Adapted from Joy the Baker (Lemon Curd originally from David Lebovitz)
For the Meringue:
- 2 large egg whites
- pinch of salt
- 2/3c sugar
- 1t lemon zest
- 1t vanilla
For the Curd:
- 1/2c fresh lemon juice
- 1/2c sugar
- 2 large eggs
- 2 large egg yolks
- pinch of salt
- 6T butter
To make the Meringues:
- Place oven racks in the upper and middle level of your oven. Preheat to 200. Line two baking sheets with parchment paper or silicone baking mats.
- Reserving the yolks for the lemon curd, place egg whites into the bowl of your stand mixer fitted with the whisk attachment. Beat on medium speed until foamy. Add the pinch of salt and increase speed to medium-high. Slowly add sugar. Beat until the egg whites become thick and glossy, holding stiff peaks, similar to melted marshmallow.

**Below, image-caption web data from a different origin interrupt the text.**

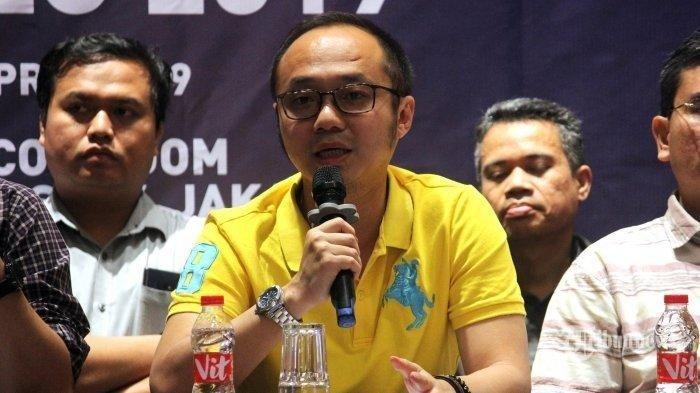 Direktur Eksekutif Charta Politika Indonesia Yunarto Wijaya  2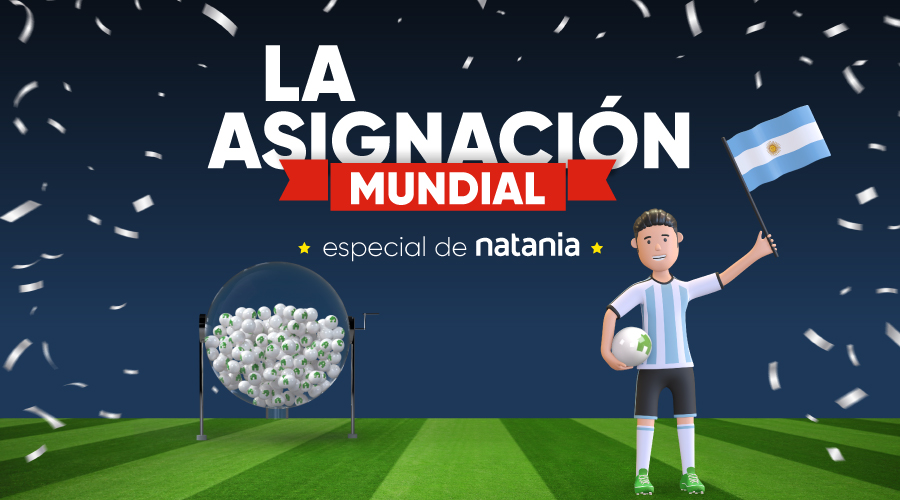 ¡Llegó la Asignación Mundial!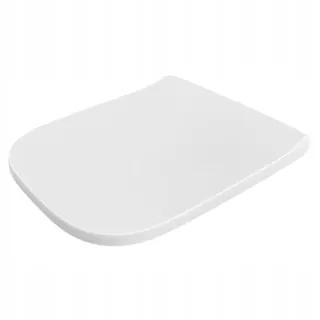 Hamberger KOŁO MODO WC sedadlo, biely duroplast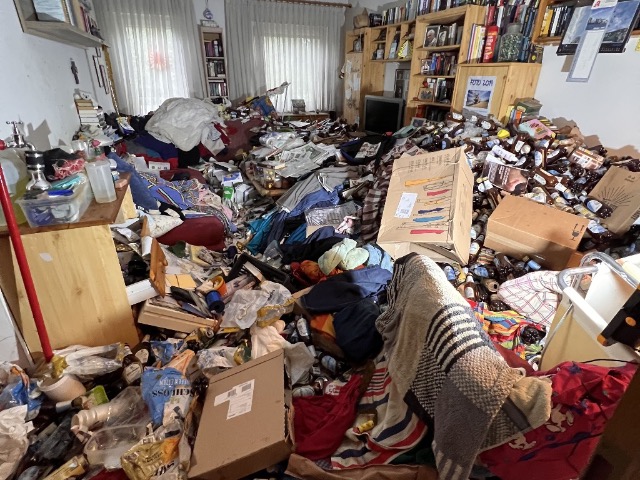 Messie-Entrümpelung mit Herz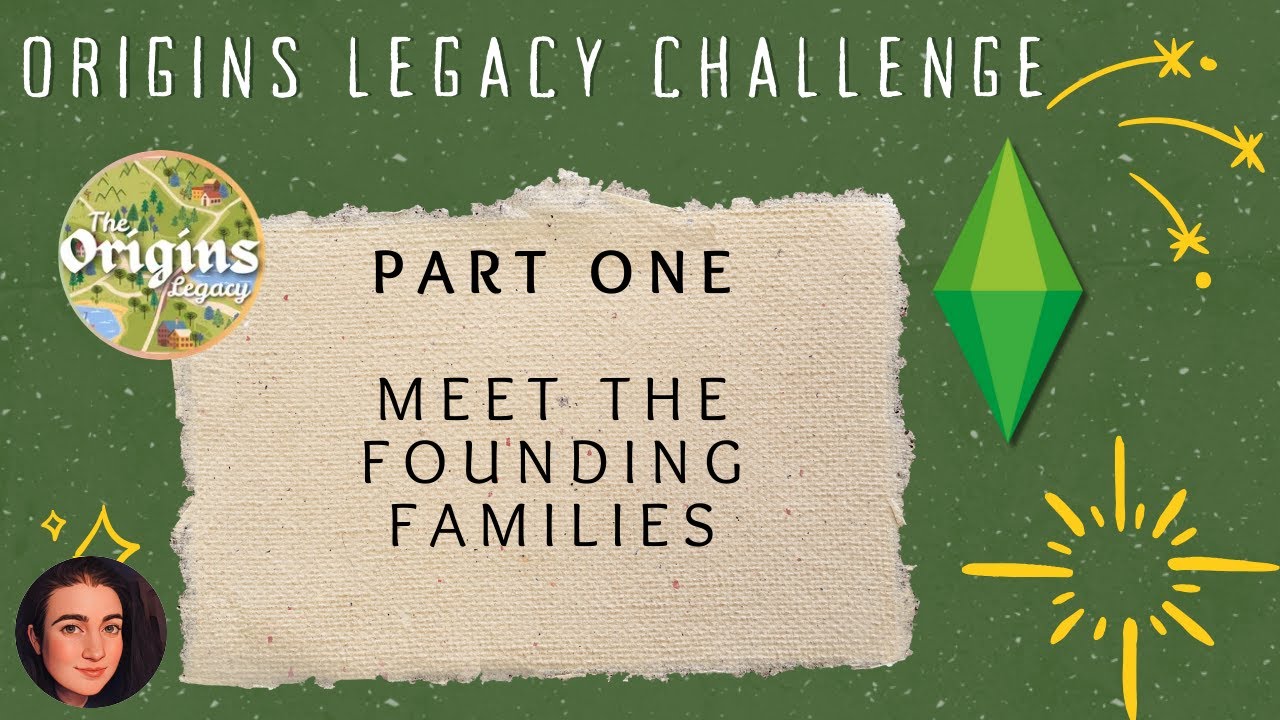 The Origins Legacy Challenge 💚 Part One: Meet the Founding Families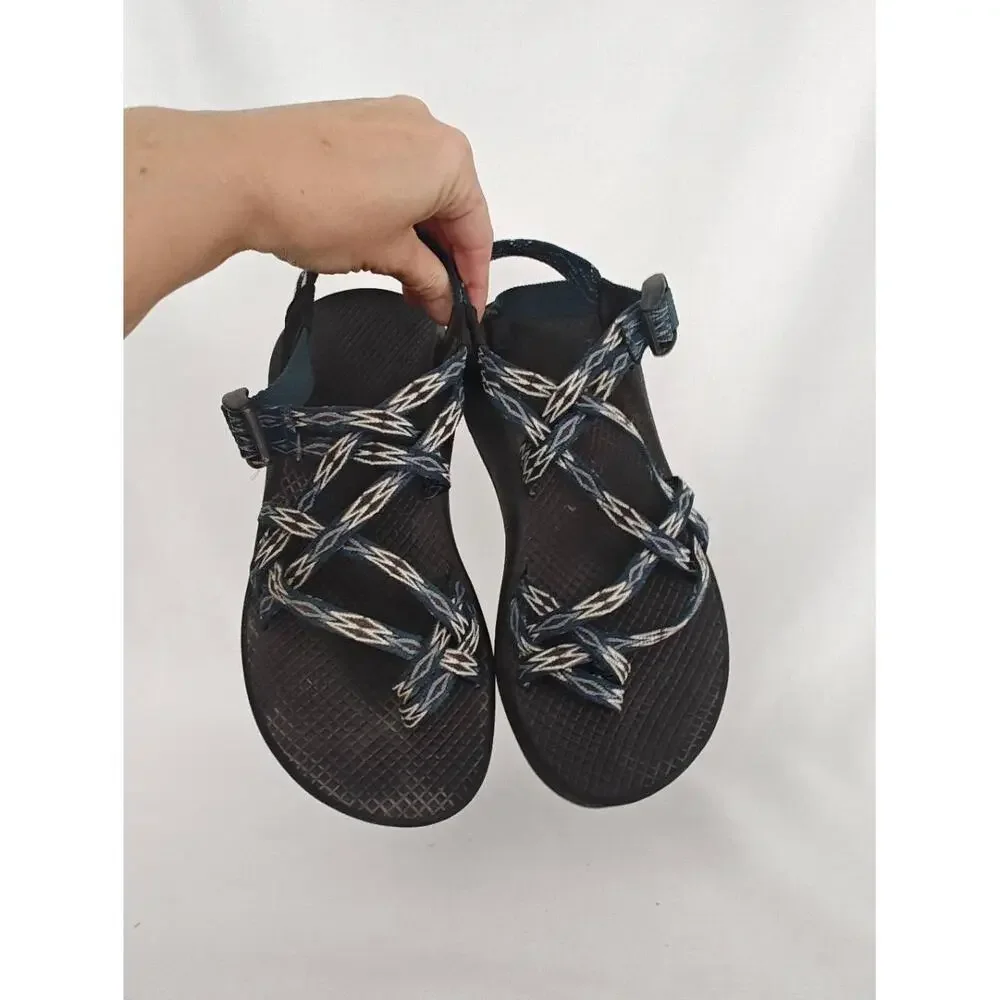Chaco ZX2 Classic Sport Slingback Sandals Womens Size 7 Angular Teal J106124‎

- Fold in the lemon zest and vanilla. Spoon into a piping bag fitted with a large star tip. To make the nest shape onto the parchment, pipe a silver-dollar sized circle, from the center outward, making sure it's solid so it will hold the curd. Then, pipe another layer around the outside edge, leaving a nest in the middle. Repeat until all the meringue has been used.
- Bake for 60-75 minutes (you'll need to try one to test doneness- meringue should be crunchy on the outside and no longer sticky, but chewy and airy on the inside. If it's still wet and frothy on the interior, they're not done yet. If it's dry and crispy throughout they are overdone).
- Cool completely on racks.
To make the Curd:
- Place a fine mesh strainer over a medium bowl and set aside.
- In a medium saucepan, whisk together lemon juice, sugar, eggs, egg yolks, and salt. Turn heat to medium-low and add butter, whisking constantly. Cook the curd until the butter is completely melted and the mixture has thickened significantly, like pudding. It does not need to come to a boil, it will be fully cooked before it comes to a boil.
- Pour hot curd directly into strainer, pressing the curd through using a rubber spatula, separating out any egg bits.
- Pour curd into a jar and place a piece of plastic wrap directly onto the top of the curd to prevent a thick film from forming. Cover and refrigerate until cold.
- Place curd into a piping bag with a small tip or a plastic zip bag with a corner cut off. Squeeze curd slowly into the meringue nests until just full.
- Serve immediately.
Meringues do not last long if left to sit, especially if you live in a humid area. They are best eaten immediately after assembled. If some are leftover, store in an airtight container for up to 24 hours. They can also be frozen.
Store leftover curd in the refrigerator for up to one week.